# Samsung Exec: Mirrorless To Outsell DSLRs 'In Three Years'



## snerd (Jan 16, 2015)

Anyone agree?

CES 2015 Samsung Interview: Mirrorless to outsell DSLRs 'in three years': Digital Photography Review


----------



## cgw (Jan 16, 2015)

snerd said:


> Anyone agree?
> 
> CES 2015 Samsung Interview: Mirrorless to outsell DSLRs 'in three years': Digital Photography Review



Reality check here. Also look at his reading of the CIPA numbers on camera sales earlier this month.

How Internet News Distorts Things | Sans Mirror &mdash; mirrorless, interchangeable lens cameras | Thom Hogan


----------



## KenC (Jan 16, 2015)

Who knows?  I have no reason to believe or disbelieve this, but the general pile of erroneous predictions is pretty high.


----------



## runnah (Jan 16, 2015)

I am just surprised that Canon/Nikon haven't even dipped their toes in to the high end mirrorless pool.

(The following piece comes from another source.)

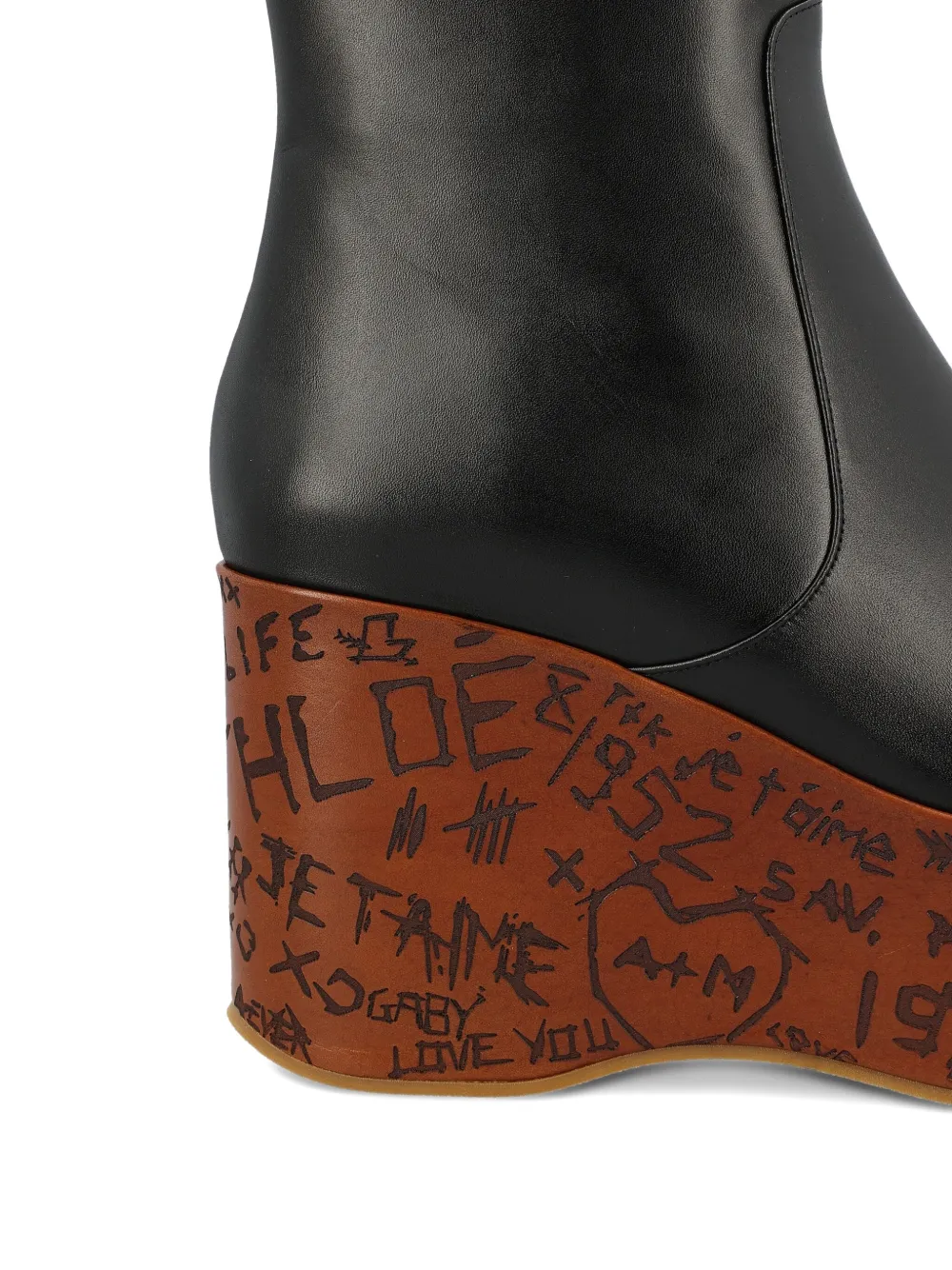 Chloé 80mm Maxime boots Black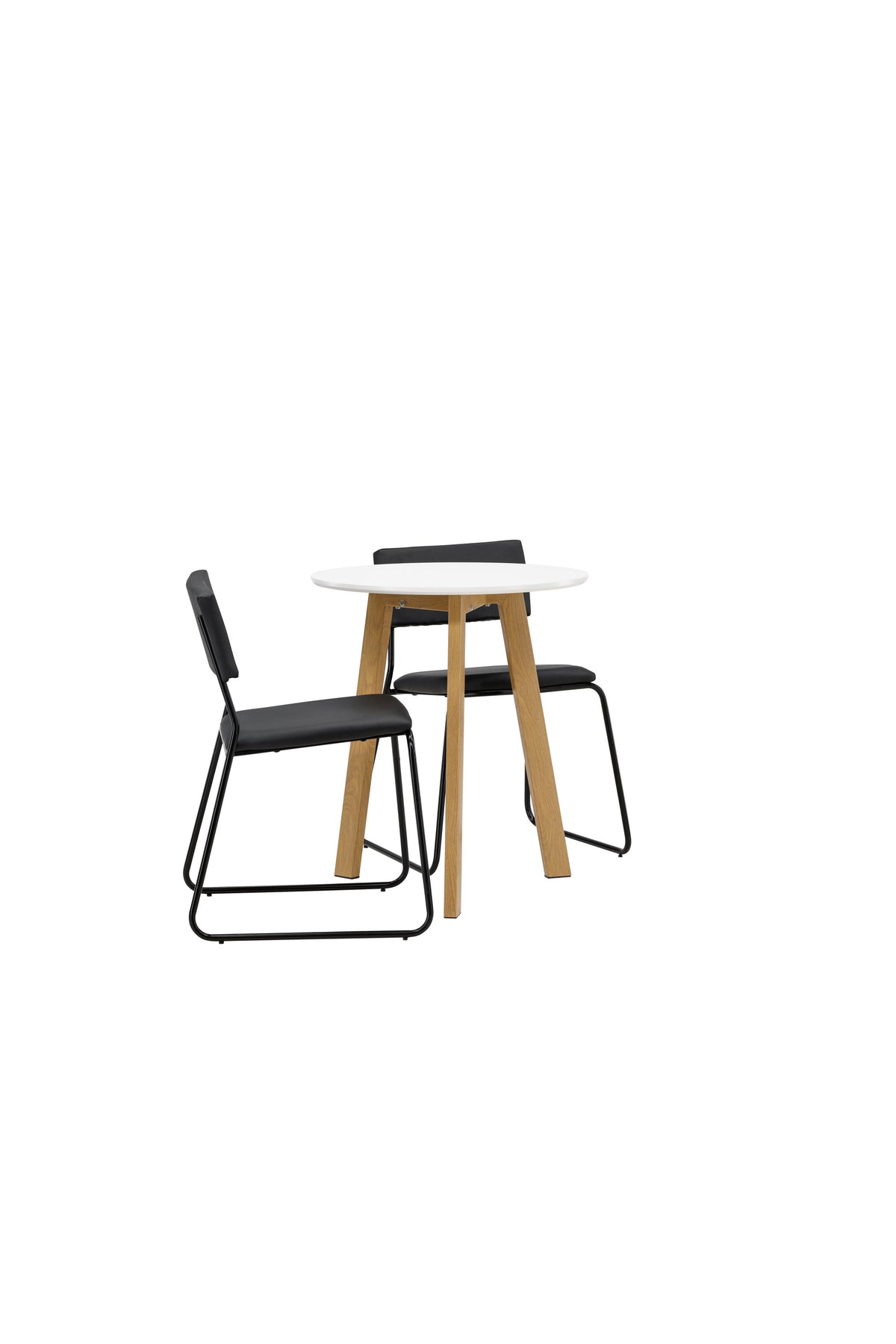 Leonora Esszimmerset + Kenth ⌀65cm/2St. in Schwarz präsentiert im Onlineshop von KAQTU Design AG. Esszimmerset ist von Venture Home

Not sure what they are waiting for.


----------



## Mr. Innuendo (Jan 16, 2015)

runnah said:


> I am just surprised that Canon/Nikon haven't even dipped their toes in to the high end mirrorless pool.
> 
> Not sure what they are waiting for.



The same could be said for Kodak regarding digital cameras. If they'd have followed up with the development, they would probably still be a very viable camera company today.

Personally, it won't matter to me if they outsell DSLR's. In all honesty, I'm having a difficult time seeing how it would adversely affect me. Maybe DSLR's get out-sold, but they're never going to go away.


----------



## runnah (Jan 16, 2015)

Mr. Innuendo said:


> runnah said:
> 
> 
> > I am just surprised that Canon/Nikon haven't even dipped their toes in to the high end mirrorless pool.
> ...



Yeah I mean I don't care one way or the other. You would just think at this point they would have had some model. Maybe they are playing chicken with each other.


----------



## W.Y.Photo (Jan 20, 2015)

Mr. Innuendo said:


> runnah said:
> 
> 
> > I am just surprised that Canon/Nikon haven't even dipped their toes in to the high end mirrorless pool.
> ...



In the long run though their success could limit DSLR R&D in turn reducing the potential quality of newer DSLR's in years to come. Just look at what happened with film cameras production nearly came to a hault once digital was picked up in the industry.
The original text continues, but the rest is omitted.